Our use case: dynamic calls-to-action
Our goal in this project was simple: for users who had already created a RudderStack account, don’t show calls-to-action asking them to create an account or try RudderStack for free (because they had already signed up!). Instead, present them with some other conversion opportunity that is more relevant to where they are in their customer journey. In our case, we wanted to get more of those users to request a demo.
Here were the specific requirements:
- Users who haven’t signed up for RudderStack see a ‘Try for free’ CTA as the primary button in the header
- Users who have already signed up see a ‘Request Demo’ CTA as the primary button in the header
As basic as that sounds, it’s surprising how many companies present users with calls-to-action that they’ve already done—until you dig into the technical guts.
While not rocket science, the amount of engineering required is significant. In this specific case, you might explore maintaining state from your application, but that requires a huge effort on both the front and back-end. Even if you can maintain state, marketing teams will always want to personalize a much wider range of user data, meaning there’s an underlying need to access complete customer profiles in real-time.
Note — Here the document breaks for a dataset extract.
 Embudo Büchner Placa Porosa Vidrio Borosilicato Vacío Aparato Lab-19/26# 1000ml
For example, our marketing team already has plans to create personalized website experiences based on:
- Account data, like company size and industry
- Recent content viewed, like integrations and case studies
- Funnel position (high intent, low intent)
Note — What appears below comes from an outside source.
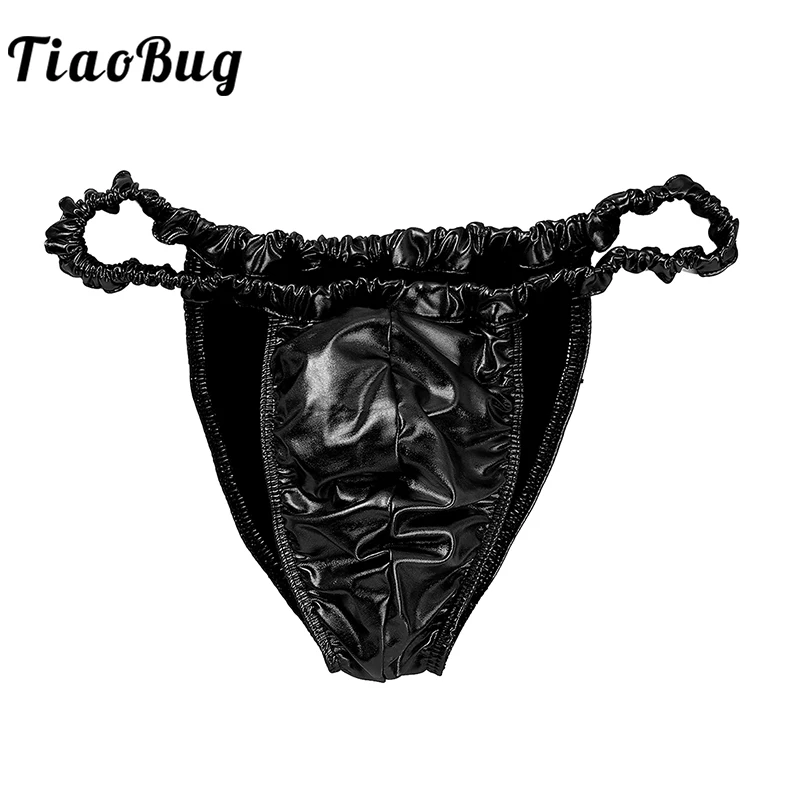 Hot Sexy Men\'s Panties Hommes Glossy Spandex & Latex Rubber Underpants Bikini Briefs Tanga Male Jockstrap Lingerie Gay Underwear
Thankfully, our stack will make it incredibly easy to roll out these additional personalization use cases when the marketing team is ready.
Overview: our real-time personalization architecture
Here’s an architecture diagram that shows the basic data flow, as well as a high-level overview of the steps involved in building the end-to-end use case. In the second part of the post, we dig into the step-by-step technical details of each piece.
This was our plan for how to execute the data flow:
- Build the list of users we wanted to target in Snowflake using RudderStack Profiles
- Make that data set available in real-time through RudderStack’s Activation API
- When users visit the site, ping the API with their anonymousId and pull down the relevant data (in this case, app signup status)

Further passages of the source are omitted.